Well, not exactly about polling, but about electoral statistics and models for predicting results.
This is a topic I have absolutely no qualifications to discuss. But, yesterday I read a looong article by Sean Trende, who does have those qualifications: As Goes Washington, So Goes the Nation? I would never have dreamed of trying to summarize the article, but Don Surber has done it for us. Trende's point is basically that if you examine primary election voting patterns in Washington state over a period of years, those patterns tend to be pretty predictive for national elections.
So, this morning Surber digests the Trende article, and adds a bit that I wasn't aware of: that the "jungle primary" system was invented in the Dem Jim Crow South to disenfranchise Republicans in general and blacks in particular. Here's that summary, from his Highlights of the News:
ITEM 5: Sean Trende wrote, "As Goes Washington, So Goes the Nation? As early as 2010, I’d noticed that Washington state’s primary predicts November national outcomes fairly well. The idea is this: Washington has a primary where all the candidates run on a single ballot, with the top two advancing to the general election. The specifics have changed over time – in particular, the primary is held in August now rather than in September – but regardless, that unique format gives us a bit of a dry run as to how voting will go in the fall (California has a similar system, but its primary is held much earlier)."
This is the jungle primary that Democrats in the Confederate states created to disenfranchise Republicans and black people. Liberals have adopted it in recent decades.
He wrote, "The data for 2020 was genuinely surprising. I had expected that it would look like 2018, when Democrats won about 62% of the vote overall in the September primary. Instead, the Democrats’ performance this year was slightly worse than it was in 2016: They won about 55.2% of the vote in 2020 versus 56% in 2016."
Trende saw the 2010 Republican tsunami 6 months before it happened.
And as a bonus:
ITEM 6: A reader wrote, "Do you think it is just a coincidence that the number of people who believe that they are better off now than they were 4 years ago is the same percentage that think Trump will win? Hmmm."

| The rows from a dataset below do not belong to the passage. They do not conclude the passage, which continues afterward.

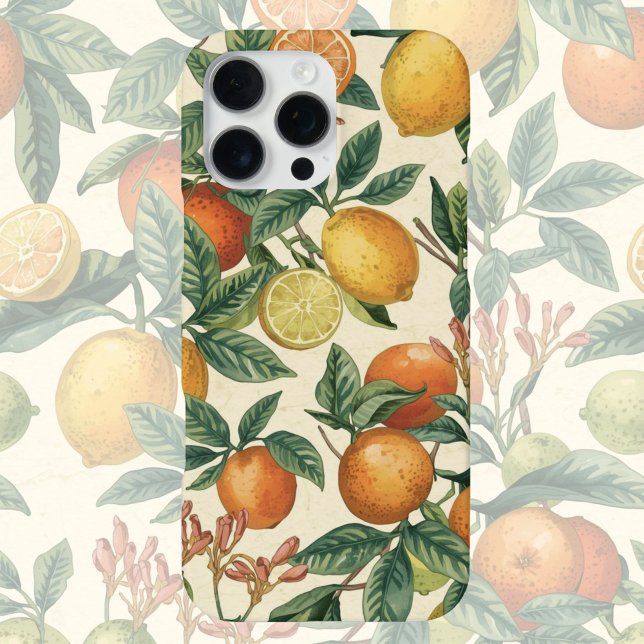 Coque iPhone Citrus Blossom Garden Seamless Pattern  (Créateur téléchargé)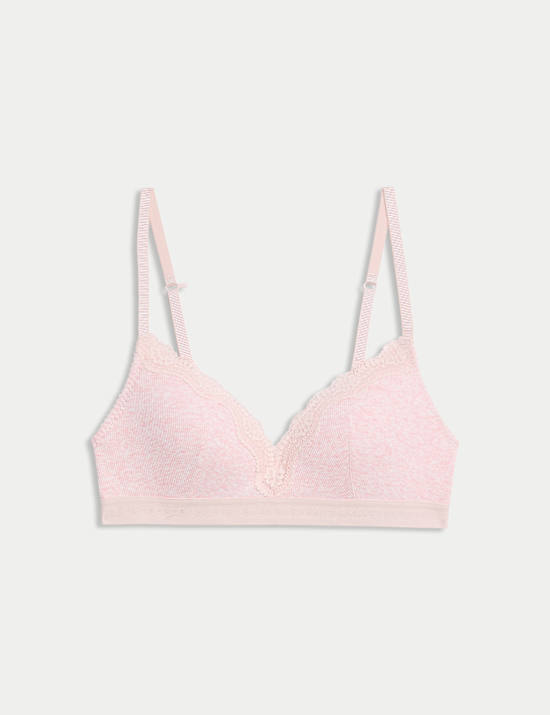 Lotta Ribbed Non-Wired Plunge Bra with Cotton (A-E)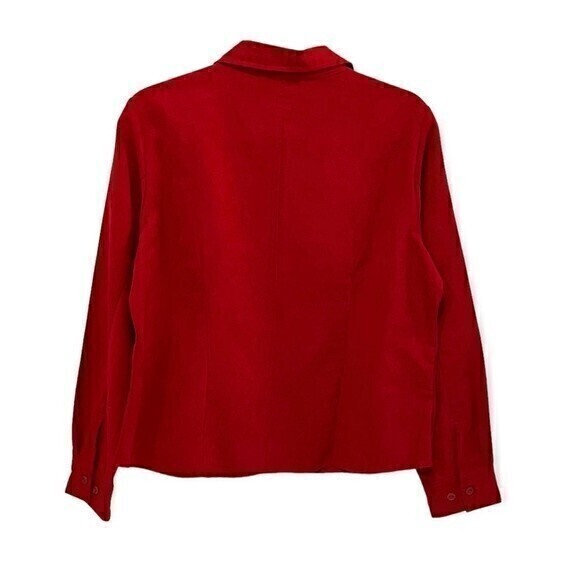 Lemon Grass Petite Western Suede Red Velvet Feel Button Down Blouse Size PL - Picture 2 of 8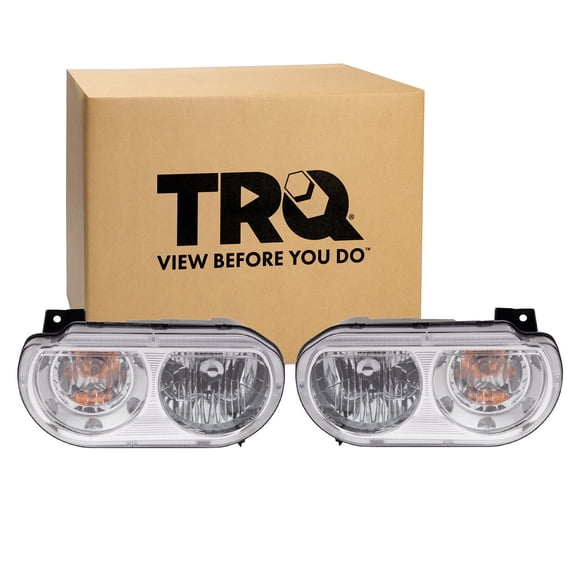 TRQ Headlight Assembly Set CH2518137 CH2519137 Fits 2008-2014 Dodge Challenger
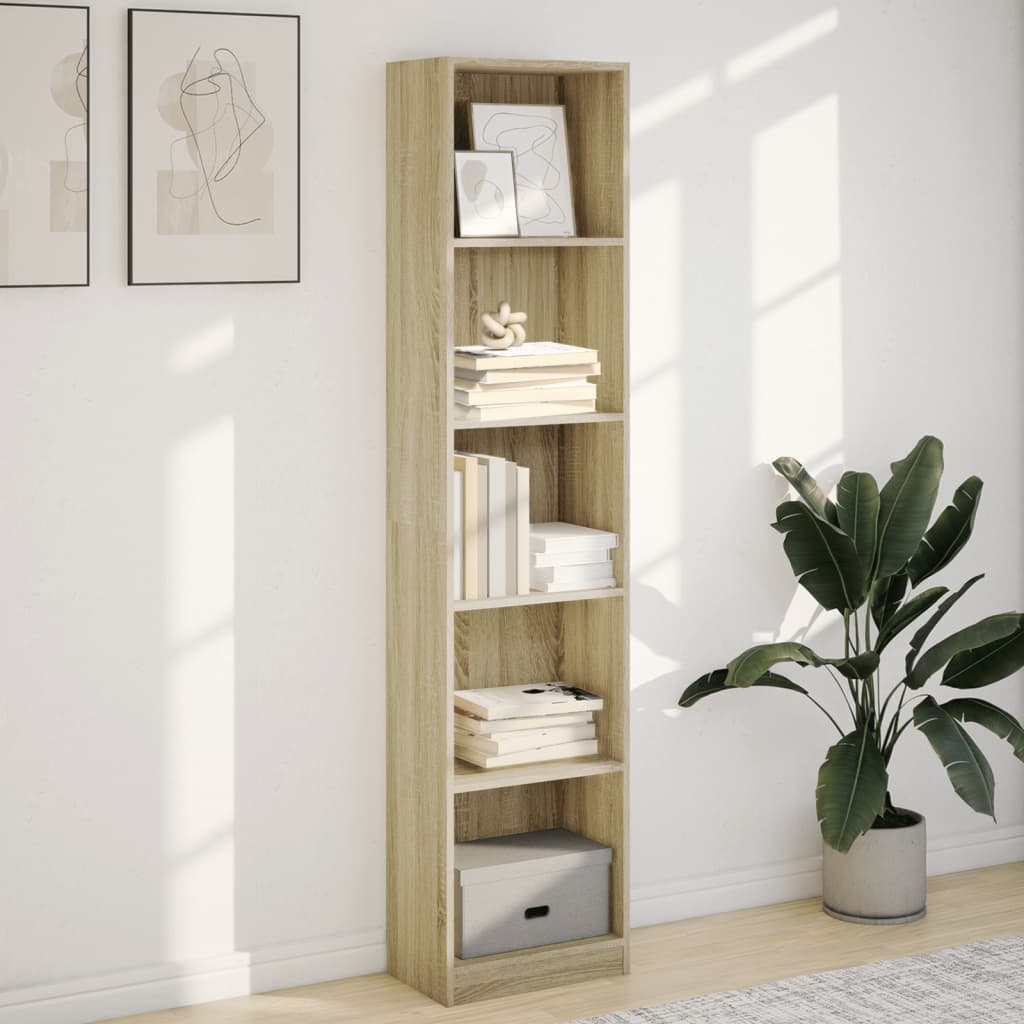 Boekenkast 40x24x176 cm bewerkt hout sonoma eikenkleurig is nu te koop bij PeponiXL, paradijselijk wonen!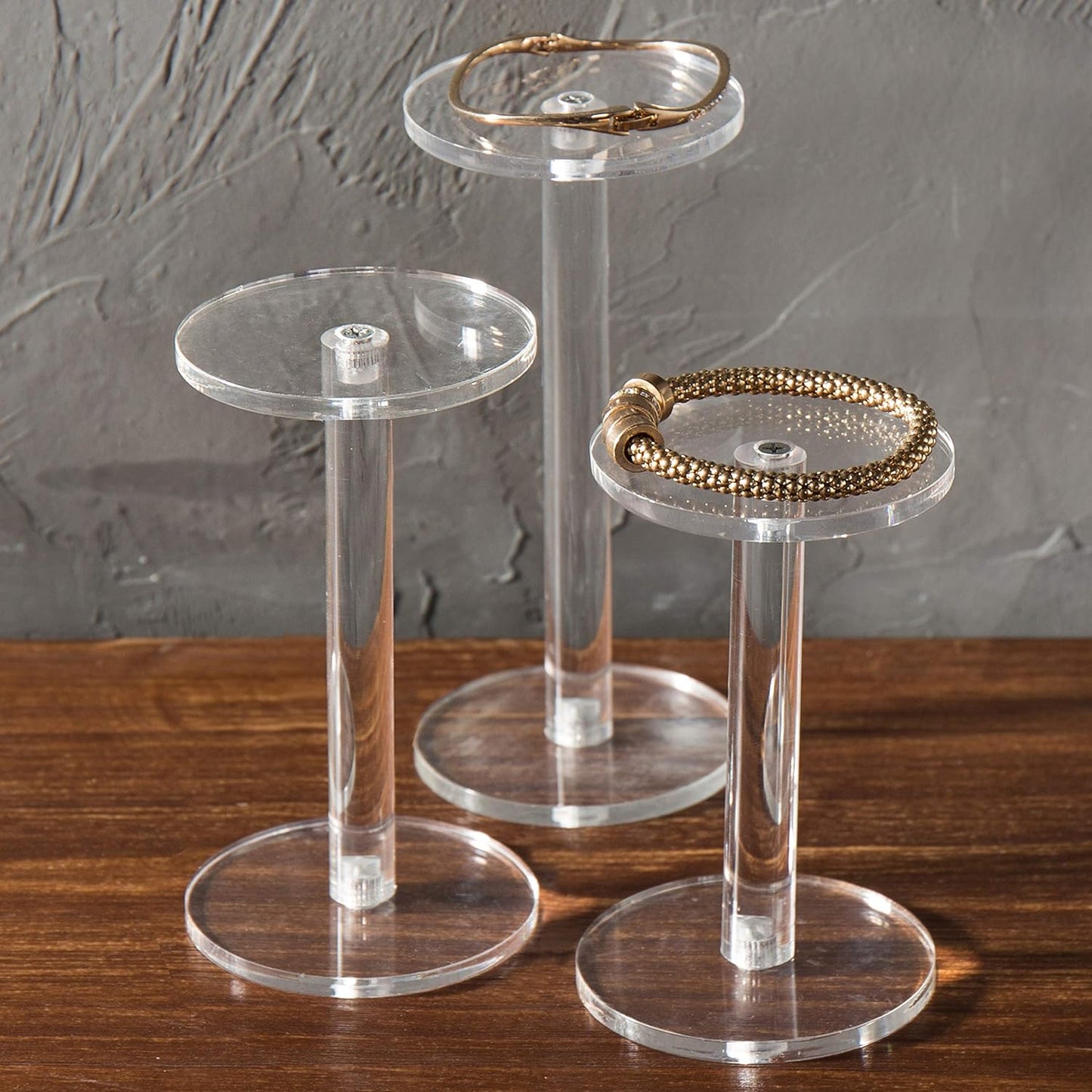 Porpoise Clear Round Acrylic Pedestal Display Risers Stand Set of 3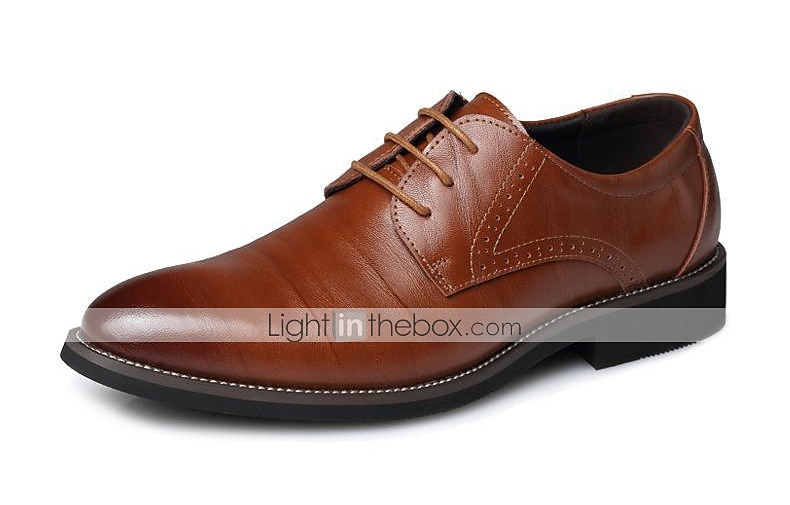 Homme Oxfords Chaussures derby Chaussures habillées Entreprise Classique du quotidien Bureau et carrière Soirée & Evénement Cuir Preuve de l'usure Lacet Noir Jaune Bleu Printemps Automne de 2025 ? $54.99 –P9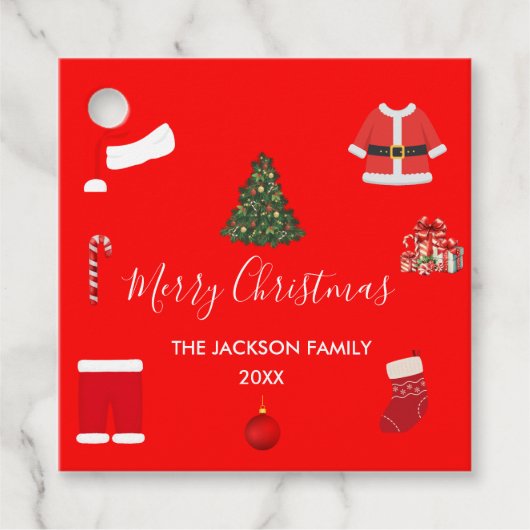 A Cozy Christmas Gathering Set on Warm Red Bedankjes Labels (Voorkant)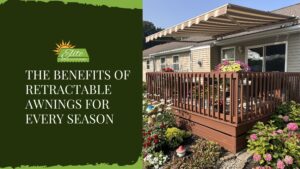 An outdoor retractable awning on rights with blog title on left.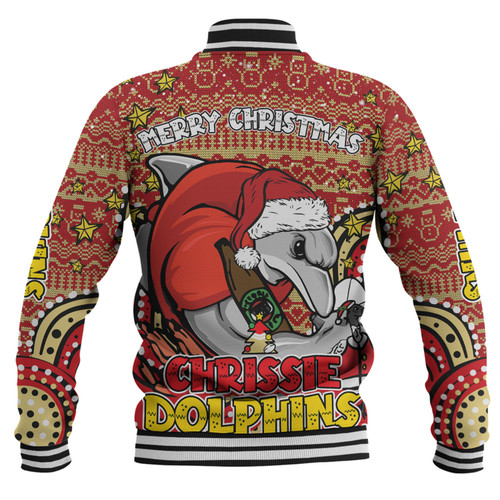 Redcliffe Dolphins Christmas Custom Baseball Jacket - Christmas Knit Patterns Vintage Jersey Ugly Baseball Jacket Redcliffe Dolphins Christmas Custom Baseball Jacket - Christmas Knit Patterns Vintage Jersey Ugly Baseball Jacket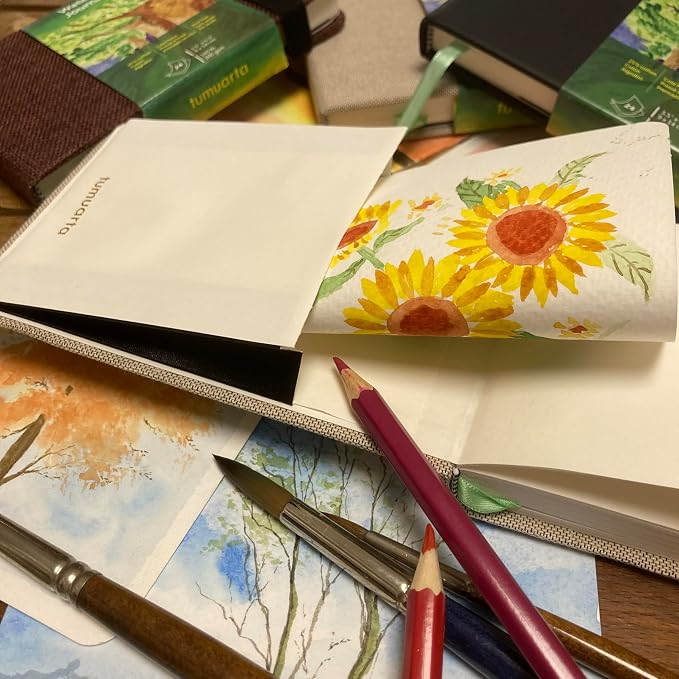 tumuarta Watercolor Journal,140 LB, 300 GSM, Cotton Paper, Cold Press, 24 Sheets, 48 Pages, Watercolor Paper Sketchbooks for Use As Travel Notebook and Mixed Media Pad, 5.5x5.5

That would be 56%. Double that Hmmm.
Finally, here's something to share with "woke" friends and relatives. It's an interesting insight into the liberal mindset. There's just gotta be more people thinking along this line. It's 47 minutes long. She gets to her "conversion story" beginning around the 25 minute mark:
UPDATE: John Hinderaker, in the first paragraphs of a longer blog, addresses the issues raised in ITEM 6, above, but at greater length:
When a president runs for re-election, a fundamental question is whether voters think their circumstances have gotten better during the past four years. Gallup asked this question a few days ago, and 56% of respondents say they and their families are better off today than they were four years ago.
That is a remarkable finding. Approaching the end of President Reagan’s first term, only 44% said they were better off. At the end of Obama’s first term, the figure was 45%. A president running in an environment where a solid majority have gotten better off during his first term should be cruising to an easy re-election, especially when Gallup also finds that voters are more likely to say they agree with Trump than with Biden on the issues.
And yet the polls tell us that Joe Biden is pulling away toward a possible landslide, while the Democrats may be poised to take control over the Senate. How can this be?
The answer could be that "this" doesn't be. That the mainstream polls really are biased, just like the ones that told that Hillary was, I forget exactly, 95% likely to win--right up to the last moment before the election was declared for Trump. Voter suppression gaslighting? Maybe.